[Given data Boundary: Start]

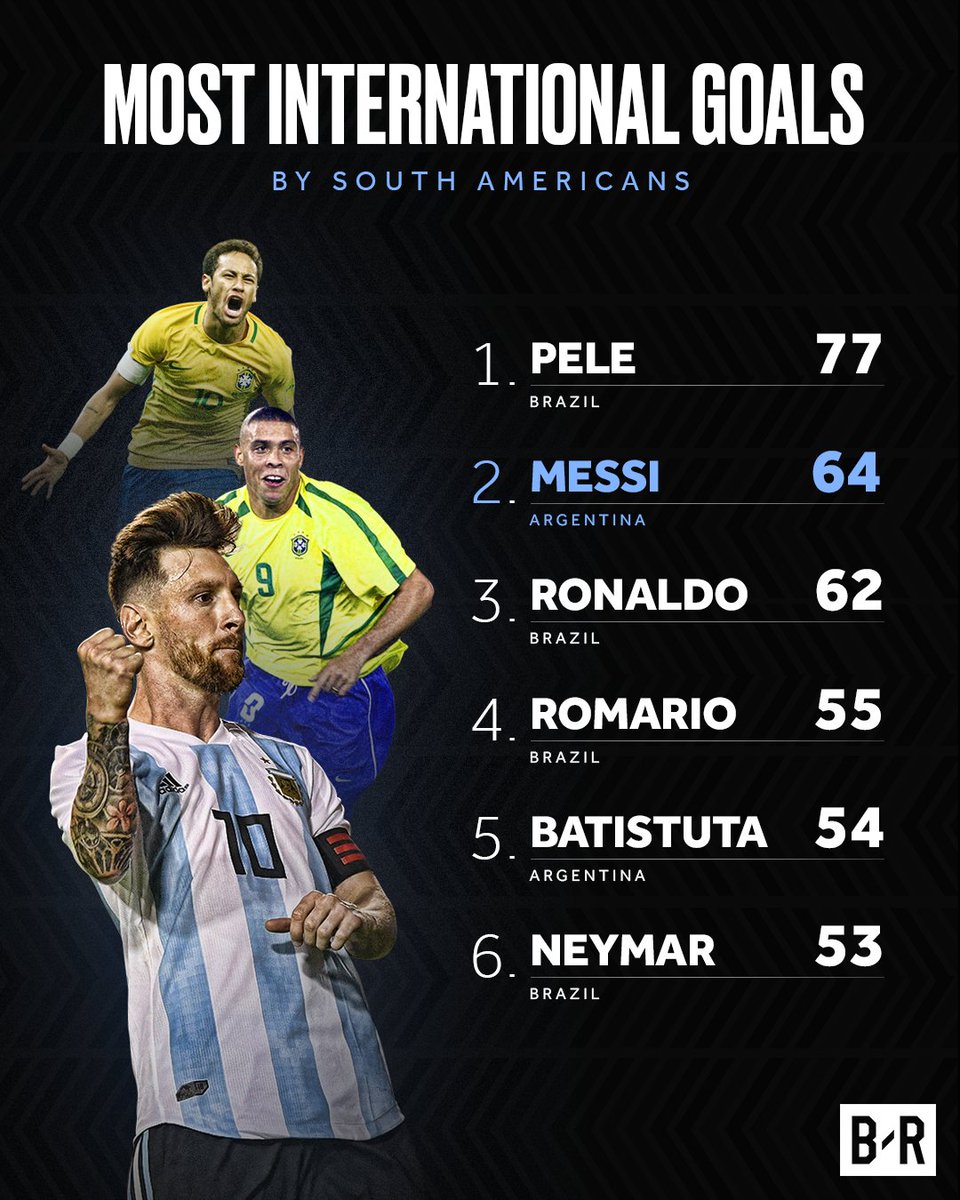brfootball's tweet photo. Lionel Messi’s latest hat-trick puts him second only to @Pele amongst international goalscorers from South America 🙌 https://t.co/XsDuYA5cUU
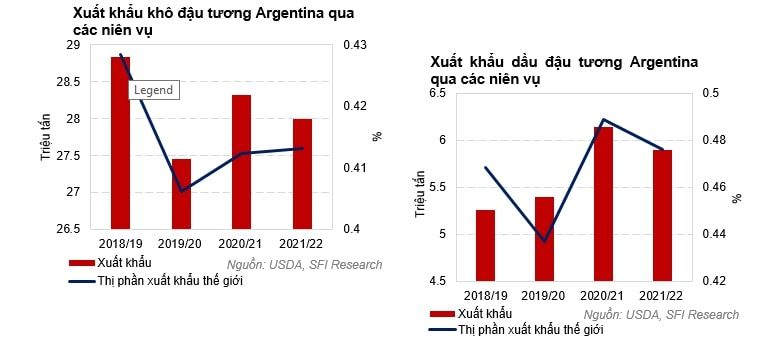 Giá đậu tương giằng co trong bối cảnh Argentina ngưng xuất khẩu và Trung Quốc phong tỏa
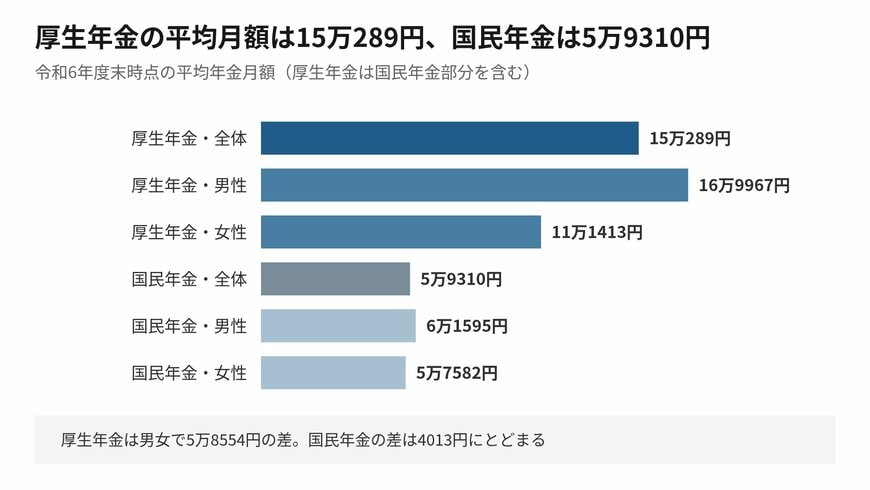 同じ公的年金でも、厚生年金と国民年金では男女差の大きさがまったく違います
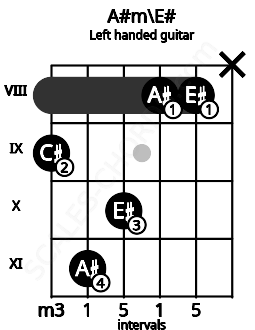 Fretboard image for the A#m\E# chord on left handled guitar frets: x 8 8 10 11 9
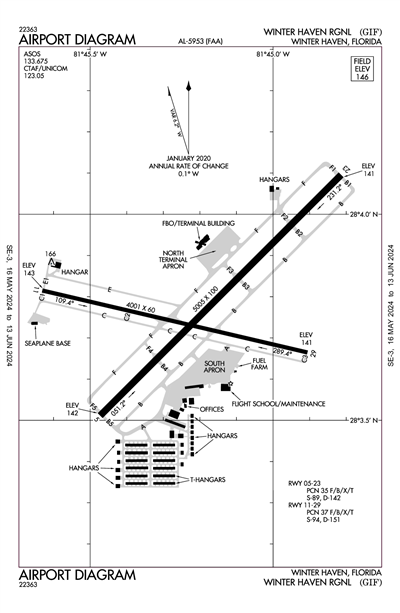 WINTER HAVEN RGNL - Airport Diagram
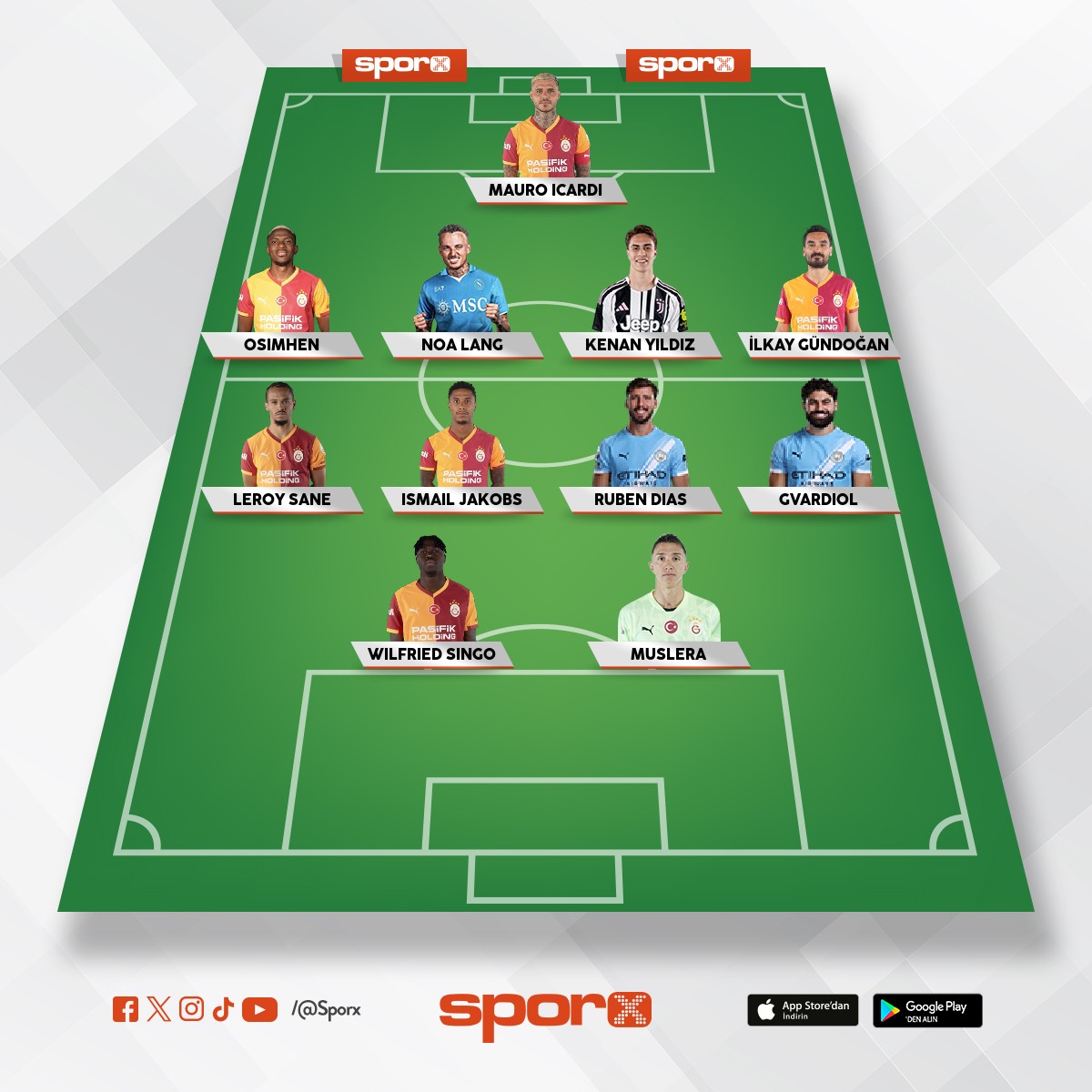 Galatasaray Okan buruk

[Given data Boundary: End]

= Your objective =
All of the data gets printed again exactly; the pictures do not.

= Exercise solution =
brfootball's tweet photo. Lionel Messi’s latest hat-trick puts him second only to @Pele amongst international goalscorers from South America 🙌 https://t.co/XsDuYA5cUU
 Giá đậu tương giằng co trong bối cảnh Argentina ngưng xuất khẩu và Trung Quốc phong tỏa
 同じ公的年金でも、厚生年金と国民年金では男女差の大きさがまったく違います
 Fretboard image for the A#m\E# chord on left handled guitar frets: x 8 8 10 11 9
 WINTER HAVEN RGNL - Airport Diagram
 Galatasaray Okan buruk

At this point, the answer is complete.